Dividend is an amount of the profits that a company pays to people who own shares in the company. When a company earns a profit, some of this money is typically reinvested in the business and called retained earnings, and some of it can be paid to its shareholders as a dividend.

#4- Book Value

The book value of an asset or group of assets is sometimes the price at which they were originally acquired ( historic cost ), in many cases equal to purchase price.

#5- Growth Stocks

Growth Stocks in finance, are stocks that appreciate in value and yield a high return on equity (ROE). Analysts compute ROE by taking the company’s net income and dividing it by the company’s equity. To be classified as a growth stock, analysts expect to see at least 15 percent ROE.

Why Fundamental Analysis is needed?

One of defects in Technical Analysis is that it’s a little slow.

It means that the increasing trend of a stock started before, but after some tardiness (maybe after some days) signals of purchase appear in Technical Analysis method.
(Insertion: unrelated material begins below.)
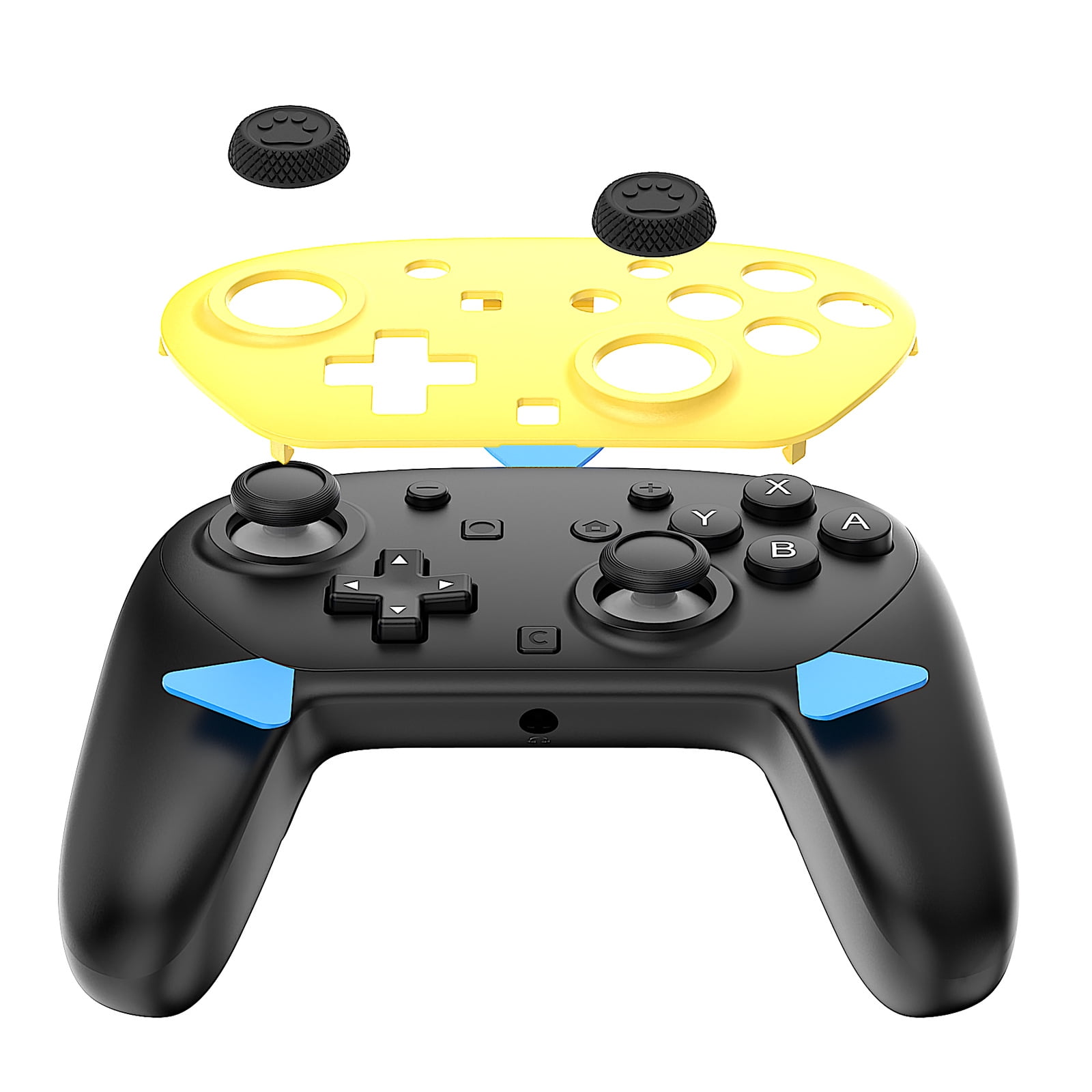 Genérico - Carcasa De Reemplazo Compatible Con El Controlador Pro De Nintendo Switch De 2ª Generación - Cubierta Transparente Con Teclas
Or for example on the ground of news that company publishes, you could distinguish decreasing trend of stock is starting (with Fundamental Analysis) but decreasing trend’s signals appear with some tardiness in Technical Analysis.

In Technical Analysis, with notice to the past of stock you could forecast its future.

Suppose that a new company who enter in the stock market, There is no past to help us to forecast its future, so you should get helps from Fundamental Analysis.

Sometimes, you find a stock in the stock market that it’s good to buy with Technical Factors but when you analyze it with Fundamental Factors you find that the price of this stock is too far from its real value and its price is increased like a bubble and maybe there are some manipulations in the stock.